Google has integrated Project Astra's advanced visual understanding capabilities into Gemini Live, enabling the AI assistant to see and interpret the world through users' smartphone cameras and screens. This significant upgrade, announced at Google I/O 2025, allows Gemini to provide real-time assistance by analyzing visual information during conversations. The feature, previously limited to paid subscribers, is now available to all Android and iOS users, marking a major step toward Google's vision of creating a universal AI assistant.
Google Brings Project Astra's Visual Powers to Gemini Live

Google has taken a significant leap forward in making AI assistants more visually aware by integrating Project Astra's capabilities into Gemini Live, as announced at Google I/O 2025 on May 20.

Project Astra, first unveiled at Google I/O 2024, represents Google DeepMind's vision for a "universal AI assistant that can be truly helpful in everyday life." The ultimate goal is transforming the Gemini app into a universal AI assistant that performs everyday tasks, handles mundane administration, and surfaces personalized recommendations to make users more productive and enrich their lives. This starts with capabilities first explored in Project Astra, such as video understanding, screen sharing, and memory.

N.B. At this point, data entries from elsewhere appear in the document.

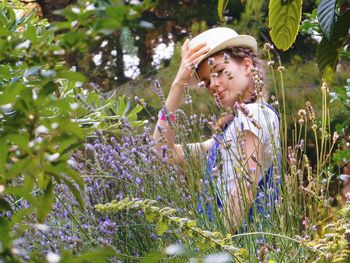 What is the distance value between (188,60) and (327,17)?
7.01 ft

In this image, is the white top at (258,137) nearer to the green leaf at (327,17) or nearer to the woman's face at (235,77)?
the woman's face at (235,77)

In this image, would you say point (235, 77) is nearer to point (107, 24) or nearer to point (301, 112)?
point (301, 112)

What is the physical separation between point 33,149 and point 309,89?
6.79 m

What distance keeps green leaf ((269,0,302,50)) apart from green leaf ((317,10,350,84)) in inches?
1.8

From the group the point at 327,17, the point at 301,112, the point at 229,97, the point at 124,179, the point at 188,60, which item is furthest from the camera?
the point at 188,60

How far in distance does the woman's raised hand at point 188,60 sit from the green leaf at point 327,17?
6.29ft

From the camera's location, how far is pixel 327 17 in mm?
845

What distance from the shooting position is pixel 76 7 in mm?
558

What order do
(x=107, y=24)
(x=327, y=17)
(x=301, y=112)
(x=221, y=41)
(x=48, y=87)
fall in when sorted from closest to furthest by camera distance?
(x=107, y=24)
(x=48, y=87)
(x=327, y=17)
(x=301, y=112)
(x=221, y=41)

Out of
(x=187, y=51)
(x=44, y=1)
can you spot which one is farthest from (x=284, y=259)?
(x=44, y=1)

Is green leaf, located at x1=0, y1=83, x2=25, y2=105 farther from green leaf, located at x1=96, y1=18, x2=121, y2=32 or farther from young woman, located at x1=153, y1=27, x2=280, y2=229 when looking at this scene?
young woman, located at x1=153, y1=27, x2=280, y2=229

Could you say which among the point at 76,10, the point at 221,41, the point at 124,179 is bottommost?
the point at 124,179

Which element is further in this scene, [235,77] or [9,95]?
[235,77]

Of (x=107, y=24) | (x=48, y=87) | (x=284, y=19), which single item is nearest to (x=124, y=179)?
(x=284, y=19) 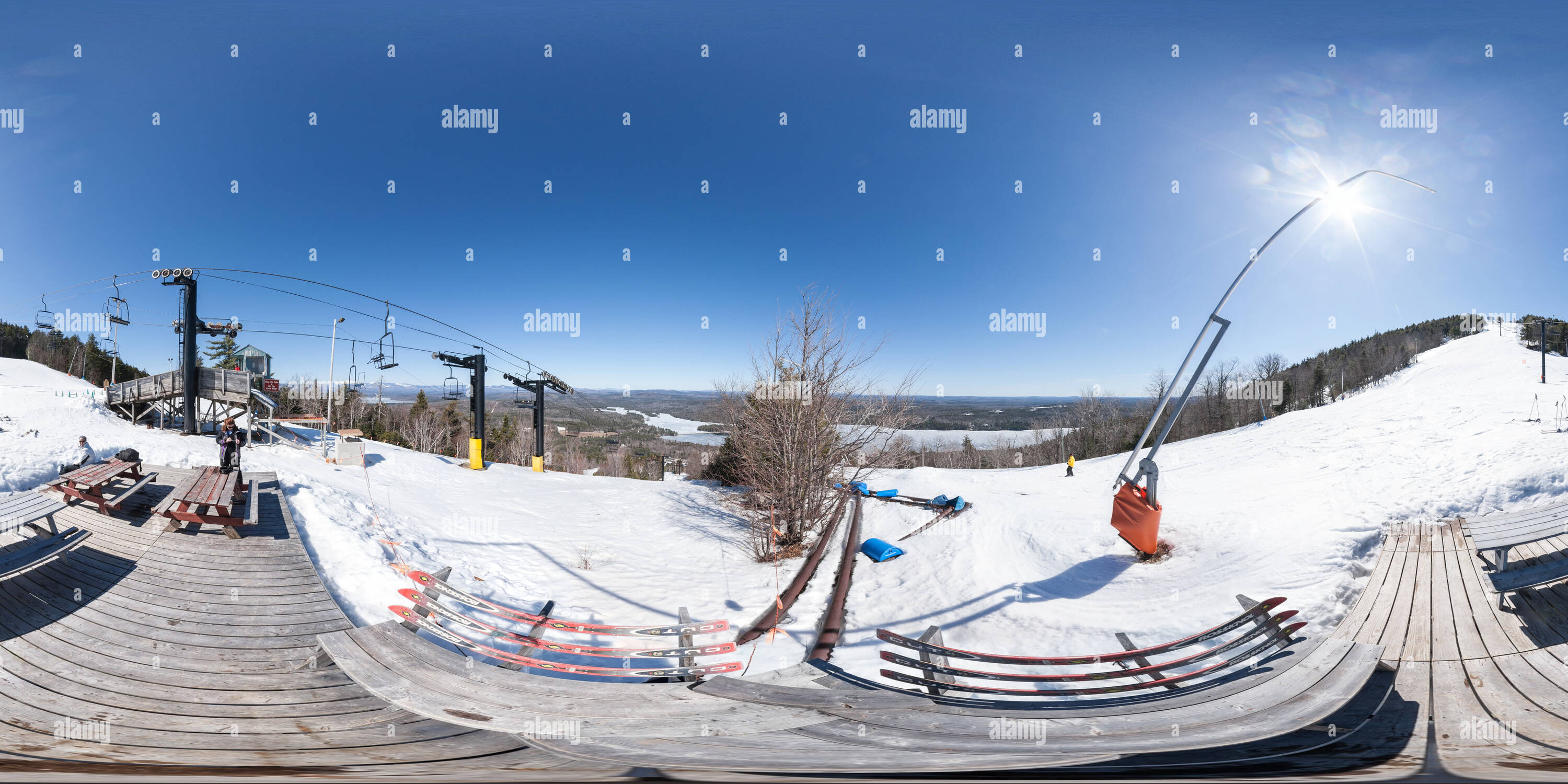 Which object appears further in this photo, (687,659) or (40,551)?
(40,551)

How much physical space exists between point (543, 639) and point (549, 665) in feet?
5.50

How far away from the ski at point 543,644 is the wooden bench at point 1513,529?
828 centimetres

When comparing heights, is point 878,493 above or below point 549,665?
below

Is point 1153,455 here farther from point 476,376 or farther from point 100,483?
point 476,376

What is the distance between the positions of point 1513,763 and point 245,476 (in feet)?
48.3

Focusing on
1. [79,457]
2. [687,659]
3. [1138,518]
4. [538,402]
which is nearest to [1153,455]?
[1138,518]

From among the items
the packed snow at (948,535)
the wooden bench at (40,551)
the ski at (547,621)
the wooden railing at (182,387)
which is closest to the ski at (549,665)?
the ski at (547,621)

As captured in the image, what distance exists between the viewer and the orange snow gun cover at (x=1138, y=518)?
7.50 meters

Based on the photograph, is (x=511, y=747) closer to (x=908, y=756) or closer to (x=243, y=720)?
(x=243, y=720)

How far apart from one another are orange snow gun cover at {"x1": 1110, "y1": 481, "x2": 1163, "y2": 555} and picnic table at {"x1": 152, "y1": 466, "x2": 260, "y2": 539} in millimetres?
12493

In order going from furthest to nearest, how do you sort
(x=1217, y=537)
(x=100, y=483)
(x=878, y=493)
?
(x=878, y=493) → (x=1217, y=537) → (x=100, y=483)

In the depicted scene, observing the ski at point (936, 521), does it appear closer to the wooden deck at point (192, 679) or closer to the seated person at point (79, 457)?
the wooden deck at point (192, 679)

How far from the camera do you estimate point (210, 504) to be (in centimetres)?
611

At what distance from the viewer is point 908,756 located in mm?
3150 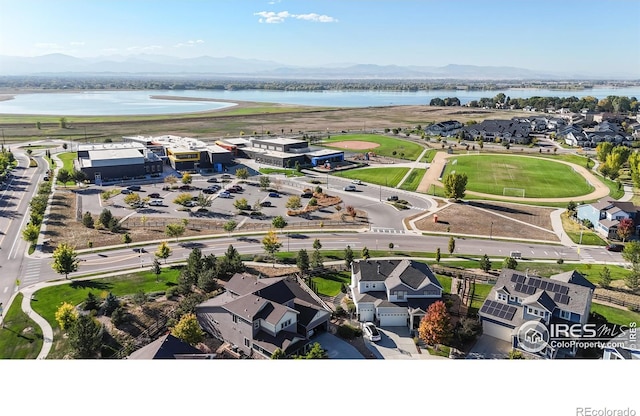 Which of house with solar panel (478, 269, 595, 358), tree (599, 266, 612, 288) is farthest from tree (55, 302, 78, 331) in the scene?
tree (599, 266, 612, 288)

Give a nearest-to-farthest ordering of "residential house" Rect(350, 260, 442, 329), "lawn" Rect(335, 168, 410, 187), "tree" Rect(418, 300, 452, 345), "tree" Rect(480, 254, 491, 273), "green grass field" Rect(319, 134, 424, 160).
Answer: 1. "tree" Rect(418, 300, 452, 345)
2. "residential house" Rect(350, 260, 442, 329)
3. "tree" Rect(480, 254, 491, 273)
4. "lawn" Rect(335, 168, 410, 187)
5. "green grass field" Rect(319, 134, 424, 160)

Google announced that Project Astra — the company's low latency, multimodal AI experience — will power an array of new experiences in Search, the Gemini AI app, and products from third-party developers. Most notably, Project Astra is powering a new Search Live feature in Google Search. When using AI Mode or Lens, users can click the "Live" button to ask questions about what they're seeing through their smartphone's camera. Project Astra streams live video and audio into an AI model and responds with answers with little to no latency.

In the Gemini app, Google says Project Astra's real-time video and screen-sharing capabilities are coming to all users. While Project Astra already powers Gemini Live's low-latency conversations, this visual input was previously reserved for paid subscribers. People love Gemini Live, with conversations five times longer than text-based interactions on average because it offers new ways to get help, whether troubleshooting a broken appliance or getting personalized shopping advice. That's why, starting today, Google is making Gemini Live with camera and screen sharing available to everyone on Android and iOS for free.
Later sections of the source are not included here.